Mr Zahawi confirmed he had set an “ambitious target” for 90% of pupils leaving primary school to meet the expected standards in literacy and numeracy, adding that the forthcoming White Paper would set out a plan for securing this “achievable vision”.

He said: “Evidence shows that a family of schools that are tightly managed and well supported achieve the right outcomes for their students and deliver those important opportunities for their staff.”

Families of schools gave leaders more opportunities for career progression, he said, and they could provide collaboration with schools sharing resources and reducing their workload, as well as freedom, “because leaders spend less time worrying about managing facilities and more time making sure pupils learn and teachers teach”, he said.

More about this would be revealed in the White Paper, he added, although he said the families of schools had to be strong, because “some trusts are not high-performing”.

The paper would set out how he would deal with this challenge, he said.

He added that 500,000 teacher training opportunities would be delivered so that “every teacher in every corner of our country benefits from that evidence based professional development at every stage of their career”.

Mr Zahawi said that over 25,000 teachers and almost 23,000 academic mentors had taken part in the flagship Early Careers Framework programme this year.

He reaffirmed a commitment for a levelling up premium of £3,000 for maths, physics and chemistry teachers.

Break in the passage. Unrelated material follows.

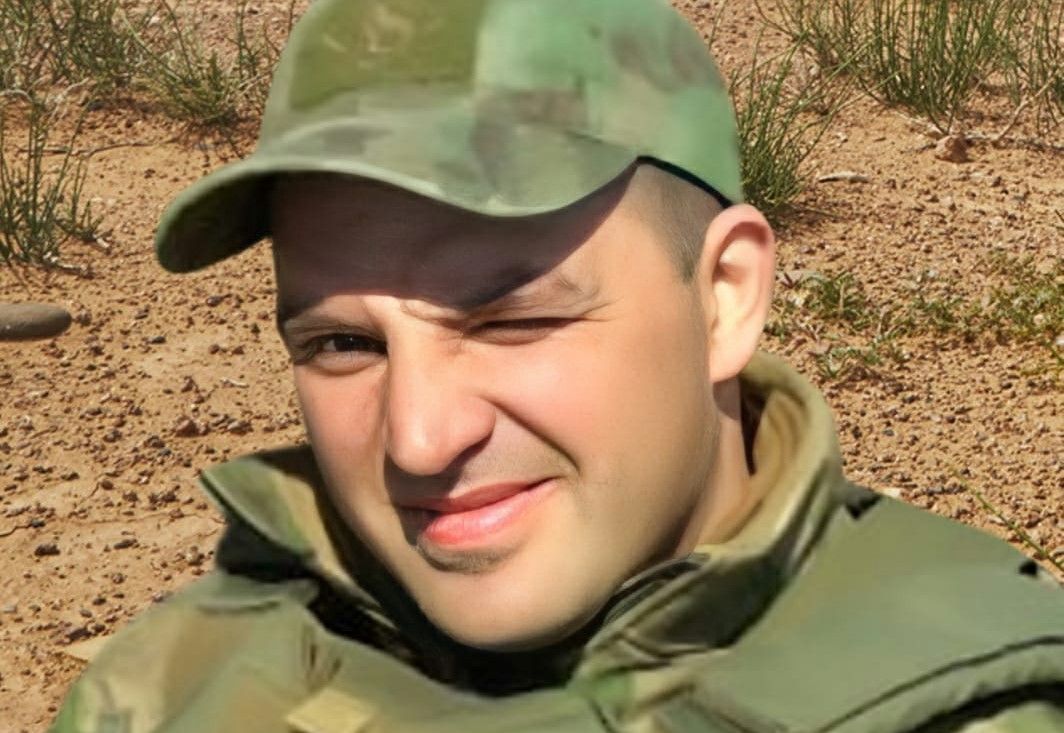 В Кирове установят мемориальную доску в память о солдате, погибшем в СВО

He said that a new literacy professional qualification for teachers would be available from the autumn.

“Because teaching is an increasingly global profession, I want to attract the very best teachers from across the world, that is why we will also introduce a new relocation premium,” he said, adding that this would help international teachers apply for Visas to work in the UK.

Mr Zahawi said it was “important to step back and look at what we’ve achieved with the National Tutoring Programme”, announcing that new data published on Friday showed that over one million tutoring courses had been delivered since the start of the programme last year.